In the article, she gives her thoughts on the subject of beauty. Her assessment is to be aware that beauty is skin deep, and that charm, personality, developing your intellectual talents and maintaining your health are more important in being an attractive person all round. Which is sensible and hard to disagree with.
She considers children one of the best ways of keeping young – well, yes, I suppose they are in that they keep you in touch with the more youthful side of life, although the lack of sleep involved isn’t great for a non-haggard appearance. I like her line saying that “I don’t see how one can get old with so much mischief and such a diversity of young interests around her.”
As a fellow 41-year-old woman, I am pleased that to see that “Time was when a woman of 35 was old. Now many women of that age are still considered girls.”
Beauty
By Gladys Cooper
(England’s Most Beautiful Actress)
“If I were only beautiful!” is the obsessing thought of countless women. To many of them physical attractiveness would mean the consummation of all their worldly aspirations and longings.
Does physical beauty really mean as much as all that however? I think not. Beauty ought to be as asset to any woman – it is, but only under certain conditions.

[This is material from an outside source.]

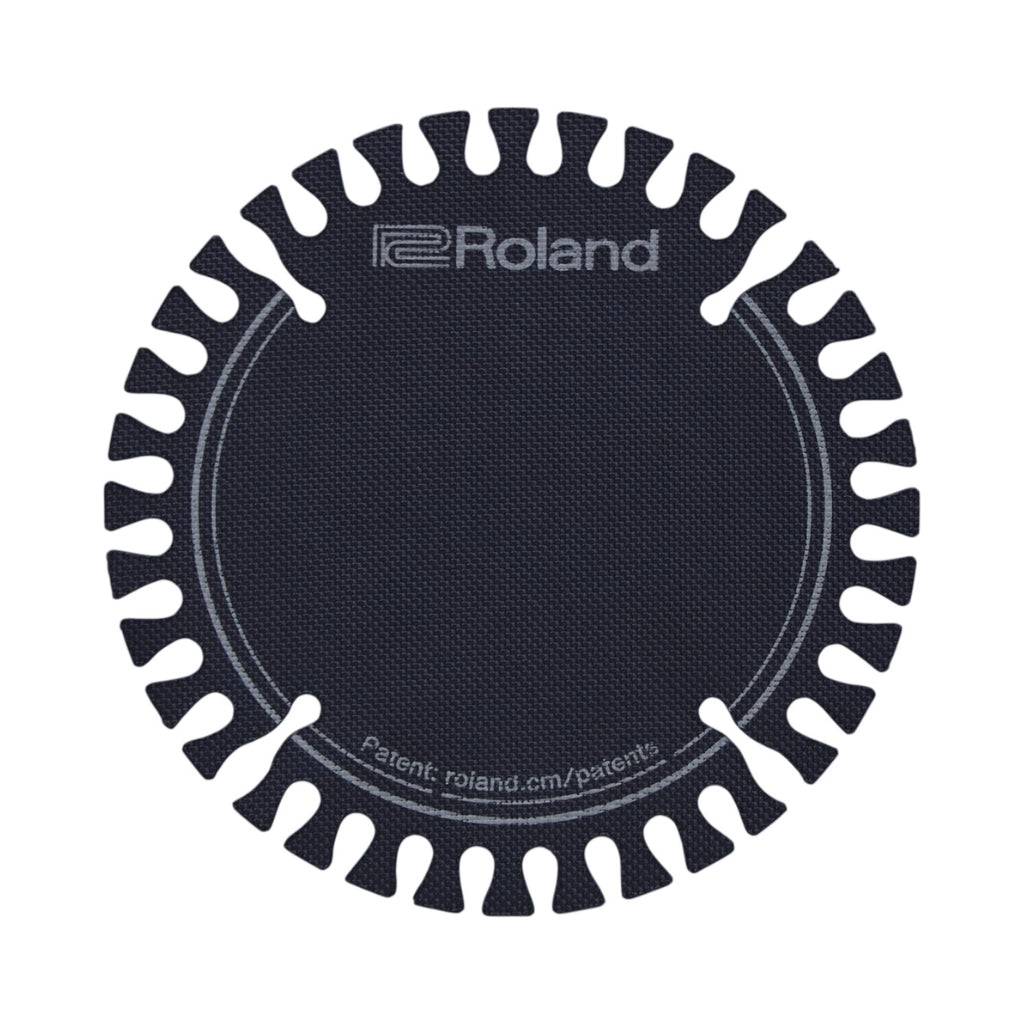 Roland KDP5 Kick Drum Beater Patch for V-Drum Pads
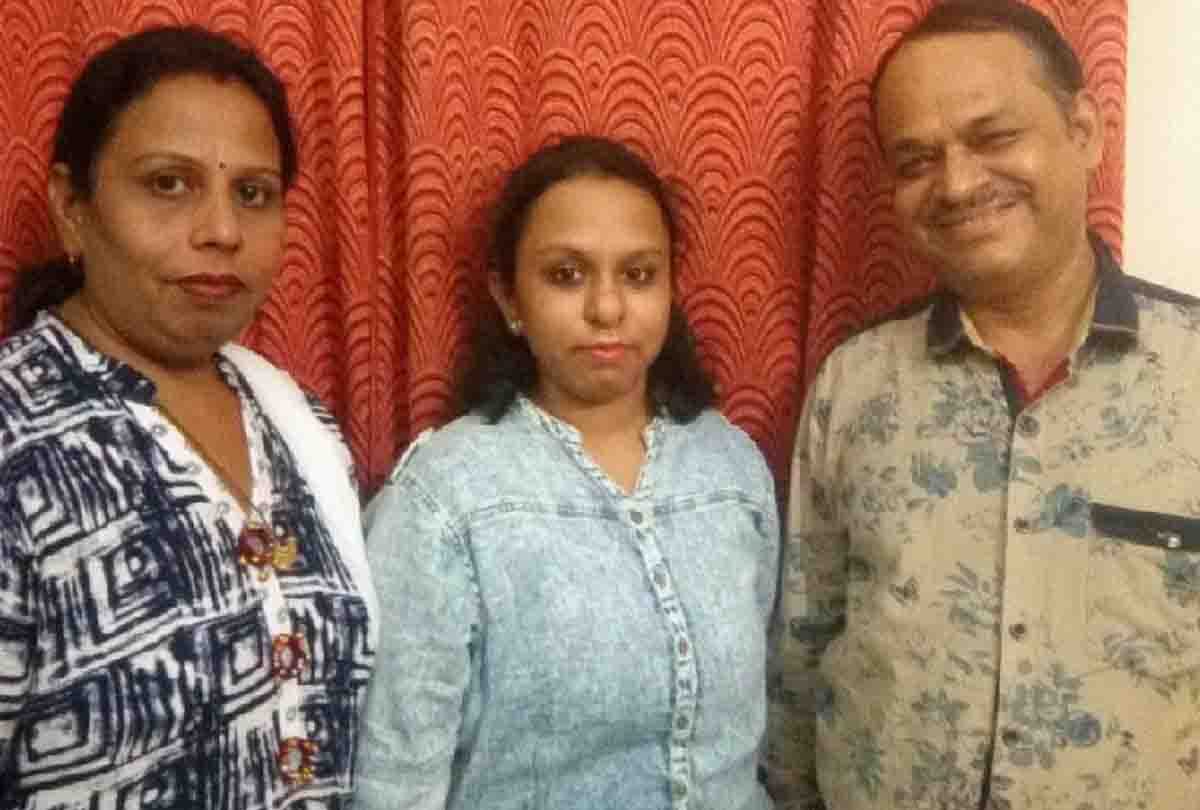 Tanya from kanpur, All India Topper in Company Secretary Examination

To the woman who is content to rely upon physical attractiveness alone, without attempting to make herself intelligent, clever, or amusing, and too lazy to develop whatever intellectual qualities she possesses, beauty is a handicap. Middle-age will find her very sorry for herself, and in old age she will suffer complete disillusionment.
The qualities which cause the world to acclaim a woman as beautiful are elusive, and I should think that three-fourths of the beautiful women of the world are as much in spite of their physical attractions [as] because of them.
Perfect features alone do not make a woman beautiful: expression means almost everything in a face, and since expression springs from thought, it follows that perfect beauty comes from perfect thinking.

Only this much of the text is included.